NADH elevation during chronic hypoxia leads to VHL-mediated HIF-1α degradation via SIRT1 inhibition.

BACKGROUND: Under conditions of hypoxia, cancer cells with hypoxia inducible factor-1α (HIF-1α) from heterogeneous tumor cells show greater aggression and progression in an effort to compensate for harsh environmental conditions. Extensive study on the stability of HIF-1α under conditions of acute hypoxia in cancer progression has been conducted, however, understanding of its involvement during the chronic phase is limited. METHODS: In this study, we investigated the effect of SIRT1 on HIF1 stability in a typical chronic hypoxic conditon that maintains cells for 24 h under hypoxia using Western blotting, co-IP, measurement of intracellular NAD + and NADH levels, semi-quantitative RT-PCR analysis, invasion assay, gene knockdown.
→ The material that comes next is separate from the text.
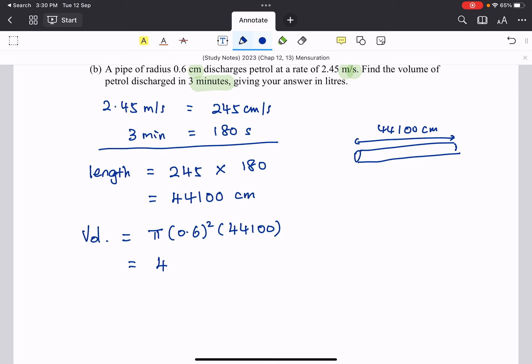But this is in cubic centimeter, so they want it in liters, so we need to divide by a thousand, so that gives us 49.9 liters rounded off to three significant figures.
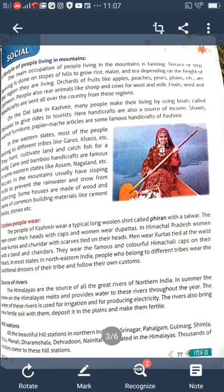On the Dal Lake in Kashmir, many people make their living by using boats called shikaras to give rides to tourists. Handicrafts are also a source of income — shawls, walnut furniture, and papier-mâché articles are famous handicrafts of Kashmir. In the eastern states, most people belong to different tribes like Garos, Khasis, etc. They hunt, cultivate the land, and catch fish for a living. Cane and bamboo handicrafts are famous in eastern states like Assam and Nagaland. Houses in the mountains usually have sloping roofs to prevent rainwater and snow from collecting, and are made of wood, cement, brick, or stone.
RESULTS: Here we demonstrated that the high concentration of pyruvate in the medium, which can be easily overlooked, has an effect on the stability of HIF-1α. We also demonstrated that NADH functions as a signal for conveyance of HIF-1α degradation via the SIRT1 and VHL signaling pathway under conditions of chronic hypoxia, which in turn leads to attenuation of hypoxically strengthened invasion and angiogenic activities. A steep increase in the level of NADH occurs during chronic hypoxia, leading to upregulation of acetylation and degradation of HIF-1α via inactivation of SIRT1. Of particular interest, p300-mediated acetylation at lysine 709 of HIF-1α is recogonized by VHL, which leads to degradation of HIF-1α via ubiquitin/proteasome machinary under conditions of chronic hypoxia. In addition, we demonstrated that NADH-elevation-induced acetylation and subsequent degradation of HIF-1α was independent of proline hydroxylation. CONCLUSIONS: Our findings suggest a critical role of SIRT1 as a metabolic sensor in coordination of hypoxic status via regulation of HIF-1α stability. These results also demonstrate the involvement of VHL in degradation of HIF-1α through recognition of PHD-mediated hydroxylation in normoxia and p300-mediated HIF-1α acetylation in hypoxia.